Veronese (c. 1375-1438).

Molte le discussioni intorno a quest’artista, a cominciare dall'appellativo di zeviano, (che tuttavia gli resta nella nomenclatura ufficiale) all'esistenza di un omonimo contemporaneo. I documenti lo danno vivo tra gli anni 1374 e 1438, e si ricorda un suo viaggio a Castelbreughier nel Trentino.

Il Vasari descrive l'ammirazione di Donatello per i suoi affreschi. Il suo stile muove da Altichiero, trova la continuazione nella prima maniera di Pisanello; ma non sembra probabile l'asserzione del Vasari che egli sia stato il maestro del Liberale. Egli è il primo assertore in Verona, di quel neogoticismo di provenienza oltremontana e di valore internazionale che, sceso per la Val d’Adige, diede all'Italia settentrionale una precoce e fuggevole primavera d'arte.
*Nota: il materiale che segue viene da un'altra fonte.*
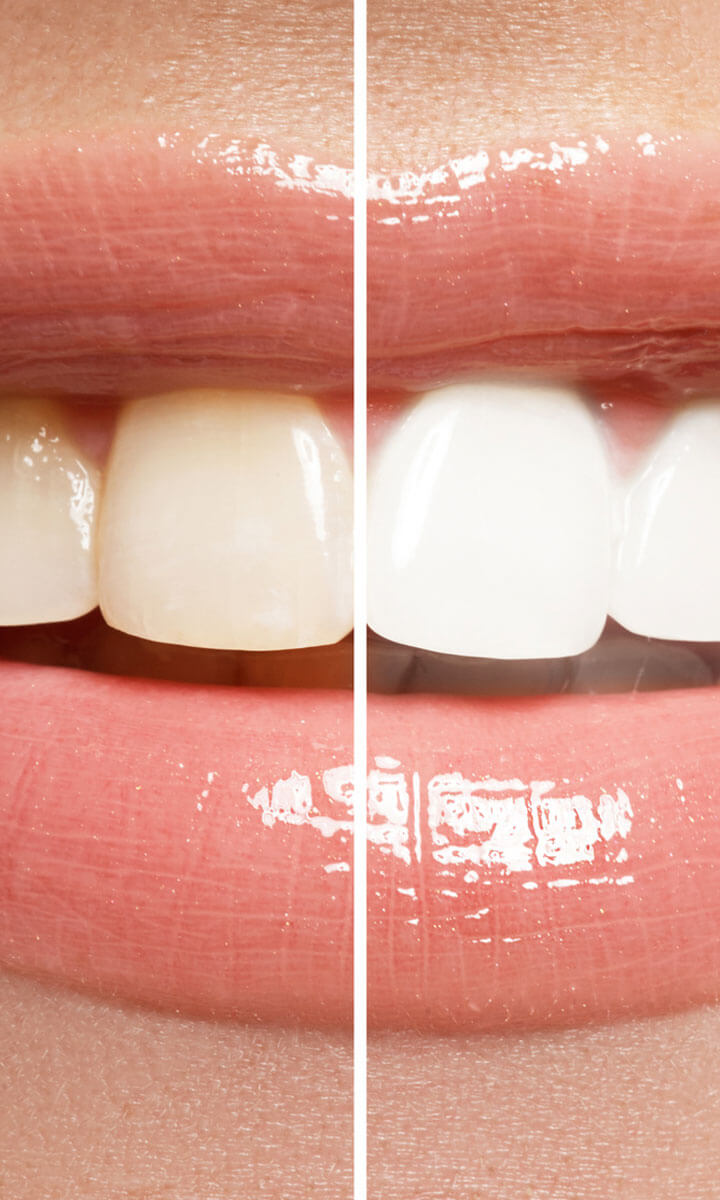 Veranschaulichung Zahnaufhellung mittels Bleaching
Il realismo trecentesco architettonico e plastico è travolto da una spazialità indeterminata, in cui poteva soggiornare l'astrazione e il simbolo. I contorni figurativi sono sottili e a spirali decorative, lo stesso chiaroscuro è sostituito dal colore; colori tenui e raffinati costituiscono sui fondi azzurri e sui fondi dorati fiorite armonie cromatiche. Con i fiori, gli animali popolano le scene sacre per la letizia di un sogno naturalistico. Forse derivazione dalla miniatura gotica.